Aasman spoke about how the special teams went on the trip.
“I think the penalty kill’s been a work in progress,” said Aasman.
“When you deal with 15 first year players that are all coming from lower levels, they all think that they’re offensive powerplay guys. For us we had a lot of guys that have to learn how to change their identity up a little bit or take pride in a different role. And I think that we have some guys that are striving towards that.”
The Hurricanes did not get a whole lot of powerplays during the trip.
“Going into Prince George, we had nine powerplay attempts in five games (and) two of those were under 10 seconds long,” said Aasman.
“We went 2-for-5 last game and looked like we were hungry at times and found two other goals along the trip when a lot of the nights we only had one or two opportunities.”
Aasman did admit the Canes did take some penalties that came as timely mistakes.
“You get that with a younger group,” said Aasman.
“At some point here we gotta find ways for guys to understand that they are bad timely penalties and we gotta get those out of the game.”
Forward Luke Cozens agreed that discipline needs to be worked on after the trip.
“I think that’s something that we heard a lot throughout our dressing room,” said Cozens.
“We know that we can’t be taking some of the penalties that we did. They might’ve cost us a couple games.”
The two-week trip was chance for the younger players to come together.
“You got so many young guys in that room that go to school together,” said Aasman.
“But also you want them to grow over the next few years together. So, that was always fun to watch the guys hang out in different ways and whether you’re do team bonding events, or on the bus and in the hotels, I think that was really important.”
Forward Owen Berge wants to see the team have better starts after the road trip.

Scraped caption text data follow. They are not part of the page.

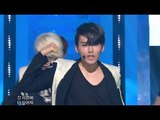 Super Junior - Sexy, Free&Single, 슈퍼주니어 - 섹시프리앤싱글, Music Core 20120714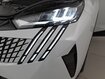 Occasion PEUGEOT 5008 5008 Hybrid 145 e-DCS6 - Allure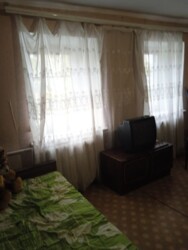 Продаю квартиру жилкоп. фото 4 Продаю квартиру жилкоп. фото 4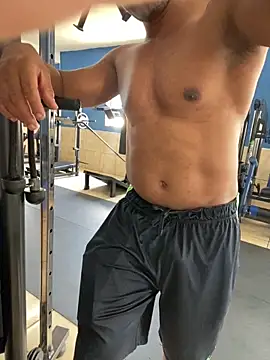 Betobob online show from 02/06/26, 01:47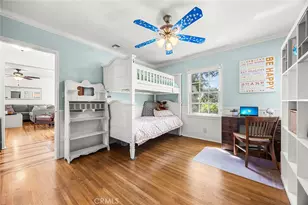 704 Grandview, Fullerton, CA 92832 - Photo 22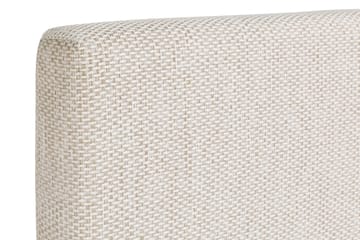 Komplett Sängpaket Juliett 180x200 - Beige - Möbler - Säng - Kontinentalsäng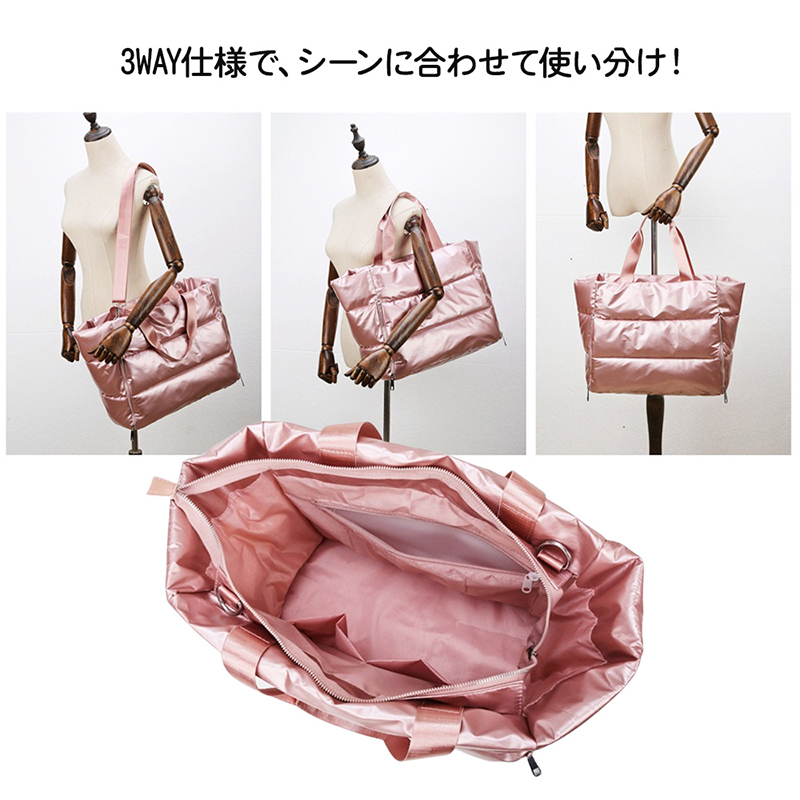 送料無料】バッグ ヨガマット収納バッグ ヨガマット ヨガセット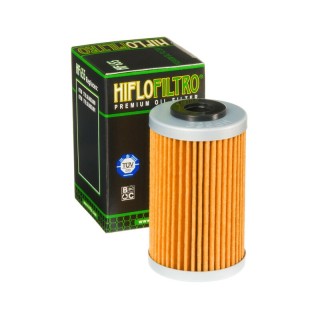 Ölfilter HF655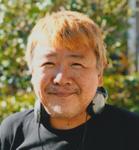 Taka-D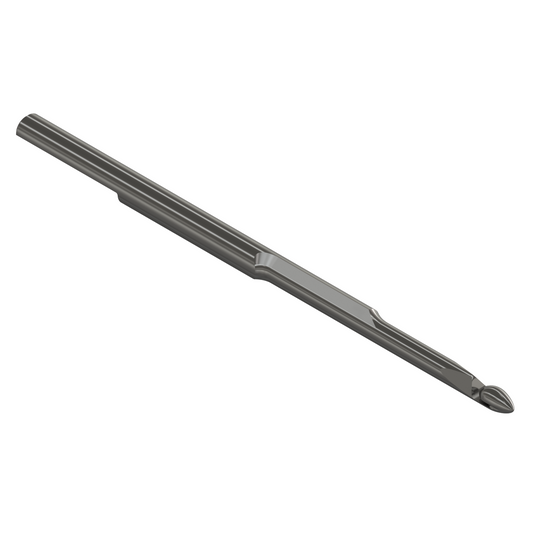 0975-B541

“We gotta be ready to go off the start,” said Berge.
“There’s too many games where we let in too many goals off the start and we find (ourselves) chasing.”
Despite the start struggles, Berge thought the Canes were rolling all four lines.
“We were able to create a lot of scoring chances off the rush and I thought there was a lot of good things offensively that we can build off (of) as a young team,” said Berge.
Cozens thought it was huge for the team to take three of the six games in B.C.
“I think we beat some pretty respectable teams across the league,” said Cozens.
“It’s just gonna keep us moving in an upward direction.”
The Hurricanes play their first home game in three weeks on Friday when they host the Moose Jaw Warriors at 7 p.m.